* _EXERCISE DESCRIPTION_: The required output is the line with "this 500×359 image." and each line that follows it to the end of the entries below, copied exactly and with nothing added.

(Image-backed grounding data)
☆ ☆ ☆ ☆ ☆

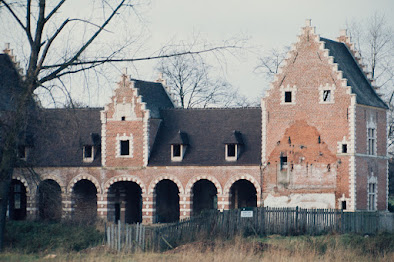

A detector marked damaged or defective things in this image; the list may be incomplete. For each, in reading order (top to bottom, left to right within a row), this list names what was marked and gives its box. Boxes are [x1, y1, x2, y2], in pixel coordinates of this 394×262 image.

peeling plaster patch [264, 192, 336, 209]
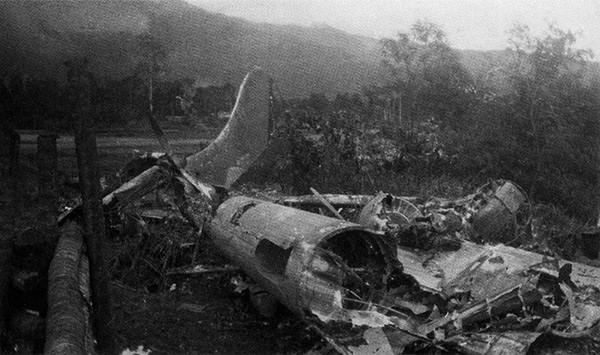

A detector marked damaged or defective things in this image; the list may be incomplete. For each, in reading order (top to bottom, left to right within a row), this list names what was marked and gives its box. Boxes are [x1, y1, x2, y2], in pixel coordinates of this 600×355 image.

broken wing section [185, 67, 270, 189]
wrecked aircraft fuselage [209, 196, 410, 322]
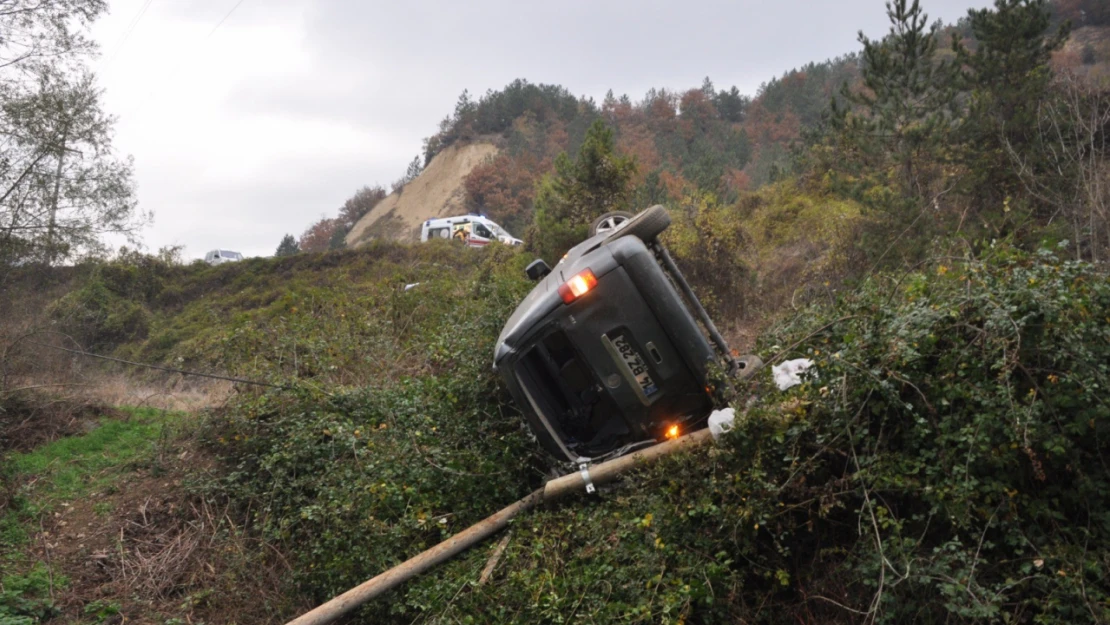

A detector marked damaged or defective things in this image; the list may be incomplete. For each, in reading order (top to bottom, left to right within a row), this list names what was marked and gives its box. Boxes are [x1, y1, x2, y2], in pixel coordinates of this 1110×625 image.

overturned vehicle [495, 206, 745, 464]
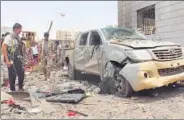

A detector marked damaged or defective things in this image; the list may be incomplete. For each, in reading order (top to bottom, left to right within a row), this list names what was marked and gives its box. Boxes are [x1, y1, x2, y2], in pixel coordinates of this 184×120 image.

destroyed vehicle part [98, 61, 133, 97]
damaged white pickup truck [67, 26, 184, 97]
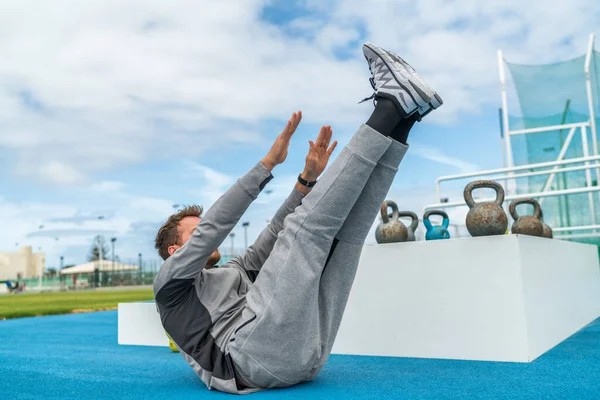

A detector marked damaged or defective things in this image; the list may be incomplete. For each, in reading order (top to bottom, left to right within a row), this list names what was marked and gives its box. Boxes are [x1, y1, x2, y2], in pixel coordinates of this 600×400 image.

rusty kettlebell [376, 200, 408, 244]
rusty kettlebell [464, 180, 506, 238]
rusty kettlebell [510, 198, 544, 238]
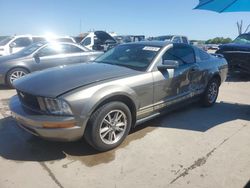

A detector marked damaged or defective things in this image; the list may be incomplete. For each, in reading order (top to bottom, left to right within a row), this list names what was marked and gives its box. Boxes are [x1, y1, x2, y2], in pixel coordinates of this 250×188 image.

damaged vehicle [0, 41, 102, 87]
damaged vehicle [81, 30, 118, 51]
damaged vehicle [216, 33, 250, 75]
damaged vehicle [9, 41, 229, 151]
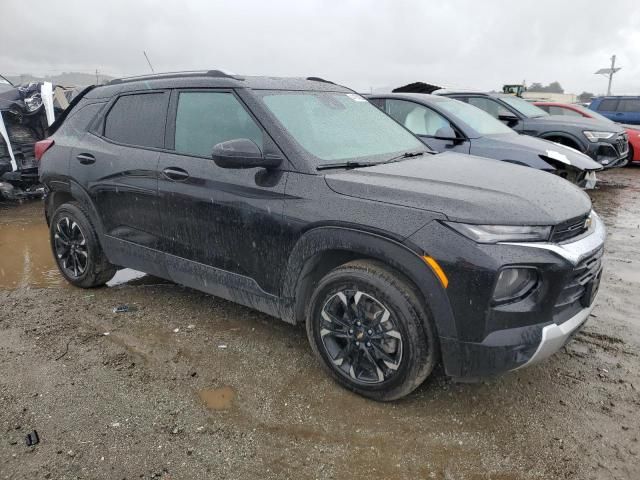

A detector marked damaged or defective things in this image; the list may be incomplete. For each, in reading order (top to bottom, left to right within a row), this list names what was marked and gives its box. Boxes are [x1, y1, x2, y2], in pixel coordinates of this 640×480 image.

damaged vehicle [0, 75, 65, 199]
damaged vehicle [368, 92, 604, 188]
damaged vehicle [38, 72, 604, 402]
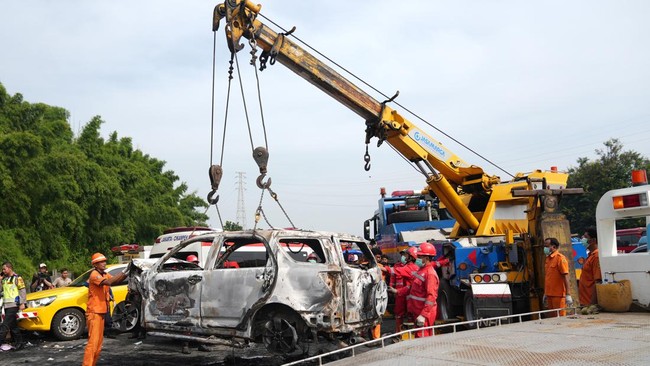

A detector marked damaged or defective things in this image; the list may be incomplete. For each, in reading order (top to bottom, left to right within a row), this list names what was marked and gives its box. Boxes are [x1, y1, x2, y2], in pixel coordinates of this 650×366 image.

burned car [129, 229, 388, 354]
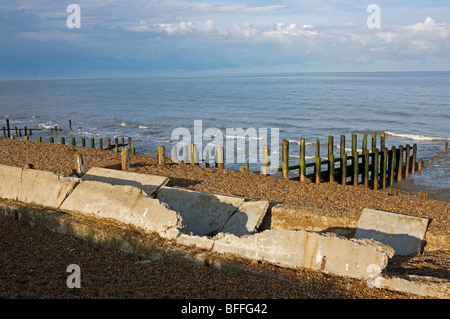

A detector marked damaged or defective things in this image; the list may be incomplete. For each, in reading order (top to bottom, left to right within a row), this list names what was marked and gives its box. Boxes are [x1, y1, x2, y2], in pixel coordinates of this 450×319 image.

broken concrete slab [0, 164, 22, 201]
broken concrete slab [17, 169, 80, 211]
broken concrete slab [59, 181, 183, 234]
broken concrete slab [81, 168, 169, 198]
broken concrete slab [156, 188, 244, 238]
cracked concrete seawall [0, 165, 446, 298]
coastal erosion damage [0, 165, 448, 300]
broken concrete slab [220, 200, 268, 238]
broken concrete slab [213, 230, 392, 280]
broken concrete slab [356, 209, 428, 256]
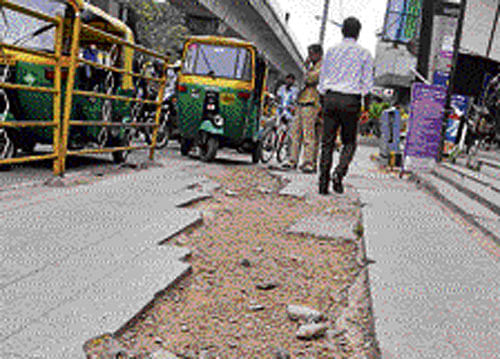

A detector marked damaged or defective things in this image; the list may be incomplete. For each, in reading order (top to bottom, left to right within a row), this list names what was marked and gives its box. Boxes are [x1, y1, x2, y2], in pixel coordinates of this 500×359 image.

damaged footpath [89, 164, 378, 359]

☆ ☆ ☆ ☆ ☆

* _ANSWER SPACE_:
A detector marked damaged or defective things in this image; the list may be incomplete. For each, in reading order (top to bottom, left to right within a row), this list names what was marked and gives its box. Boxes are [x1, y1, x2, y2], in pixel coordinates of this 500×359 image.

damaged footpath [89, 164, 378, 359]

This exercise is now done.